4. Accommodating Intercircuit Nonaquiescence in the Regional Consistency Regulations Fosters Overall Fairness and Predictability Regarding the Scope and Impact of Judicial Decisions Under the CAA

Revising the Regional Consistency regulations to include a specific accommodation for intercircuit nonaquiescence in appropriate circumstances would also help to assure fairness and predictability in the implementation of the CAA overall. Such an accommodation would foster predictability by ensuring that, unless there is an affirmative nationwide and deliberate change in the EPA's rules or policies, lower court decisions would apply only in those states/areas within the jurisdiction of the lower court, with the exception of the D.C. Circuit Court reviewing final agency actions of national applicability, consistent with CAA section 307(b)(1). Under the revised Regional Consistency regulations, as proposed, a source subject to the CAA would, as usual, need to know and follow the law in the circuit where it is located, and the law of the D.C. Circuit Court and the U.S. Supreme Court. It would not be required to follow every CAA case in every court across the country to ensure compliance with the Act.

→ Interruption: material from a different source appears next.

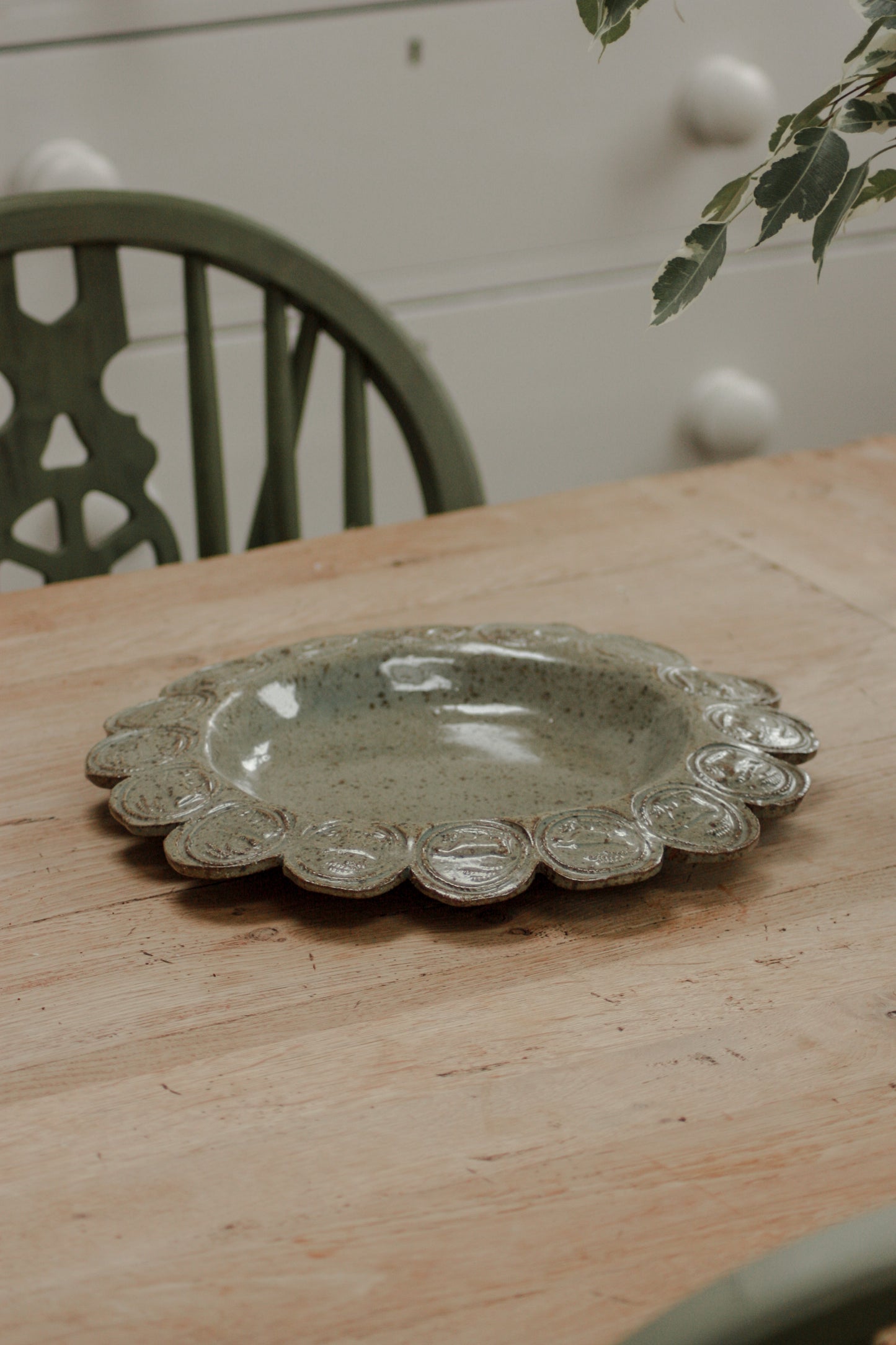 Vintage studio pottery dish with cow stamp motif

By revising the regulations, the EPA also accommodates the possibility that a split in the circuits could preclude the EPA from complying with both court decisions at once. Consider the following example: In a case involving a permit issued in New York, the Second Circuit upholds the EPA's longstanding position and, in doing so, confirms that the EPA's interpretation is compelled by the Act under Step One of Chevron.[9] As a result, the EPA continues to apply its longstanding interpretation, consistent with the Second Circuit's decision, in a permit issued in Alabama, an Eleventh Circuit state. In an appeal of that permit, however, the Eleventh Circuit holds that not only is the EPA's interpretation not compelled by the CAA, it is prohibited by the CAA. There are now two court decisions with conflicting Chevron Step One holdings—how could the EPA apply both of those decisions uniformly across the country? While the U.S. Supreme Court could review the issue, it might not. Further, even if the U.S. Supreme Court eventually resolved the conflict, there could be a multi-year period during which both decisions would remain applicable case law. This proposed revisions would acknowledge and address those instances in which the EPA may not be able to comply with two, conflicting decisions at the same time.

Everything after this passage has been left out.